# Your instructions
The data below should be restated word for word, pictures omitted.

____ The data

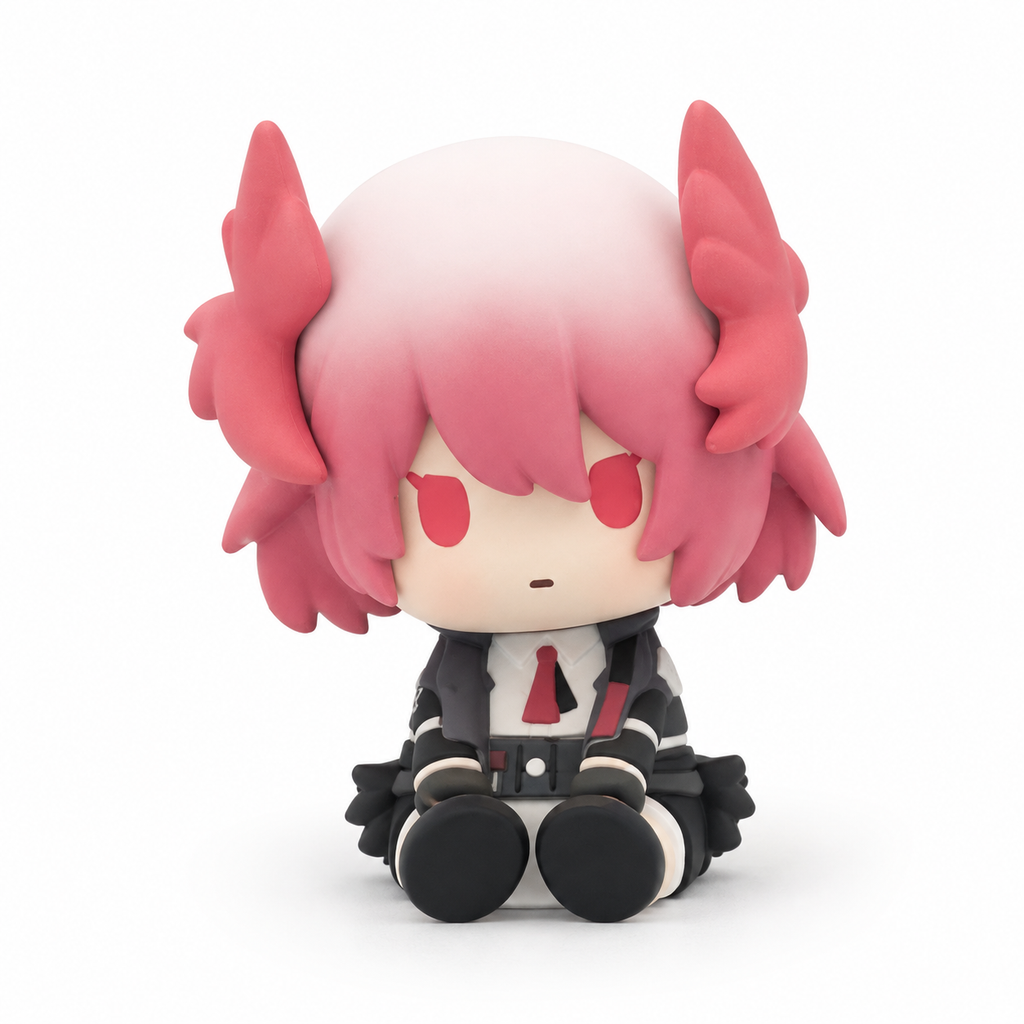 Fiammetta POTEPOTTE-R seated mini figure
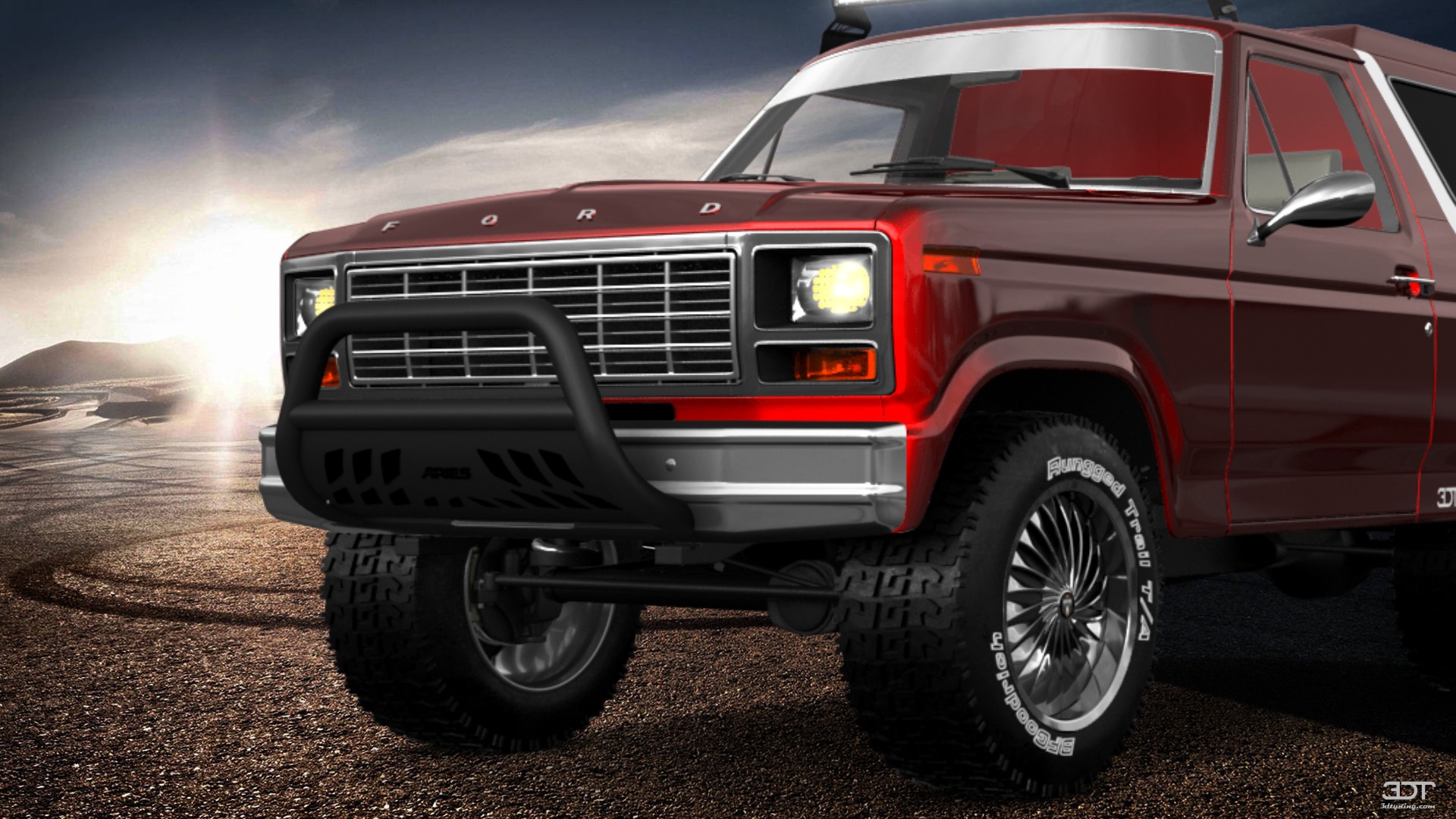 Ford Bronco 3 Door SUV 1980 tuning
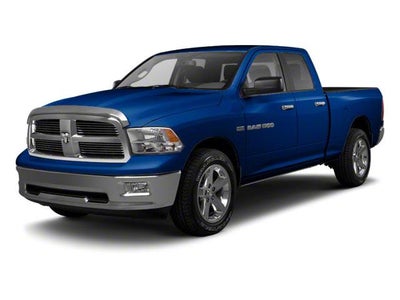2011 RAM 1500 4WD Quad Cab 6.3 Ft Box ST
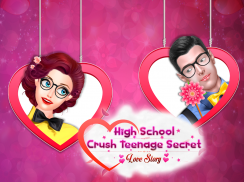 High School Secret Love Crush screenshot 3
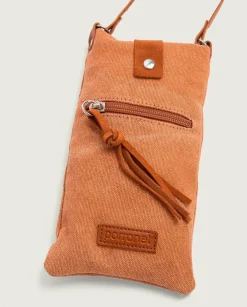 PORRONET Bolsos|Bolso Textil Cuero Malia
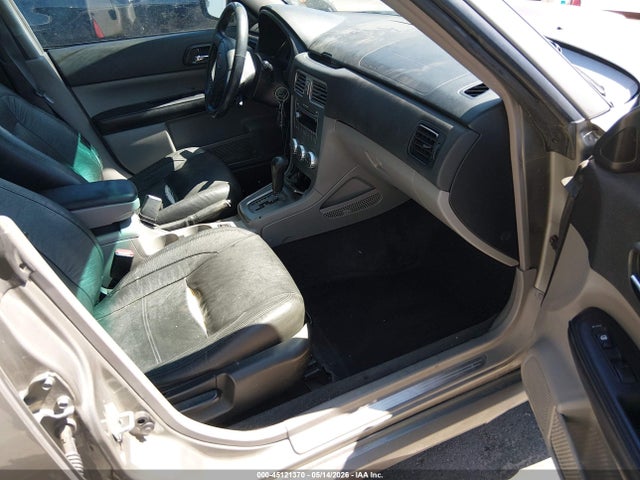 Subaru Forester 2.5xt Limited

________

# Task response
 Fiammetta POTEPOTTE-R seated mini figure
 Ford Bronco 3 Door SUV 1980 tuning
2011 RAM 1500 4WD Quad Cab 6.3 Ft Box ST
 High School Secret Love Crush screenshot 3
 PORRONET Bolsos|Bolso Textil Cuero Malia
 Subaru Forester 2.5xt Limited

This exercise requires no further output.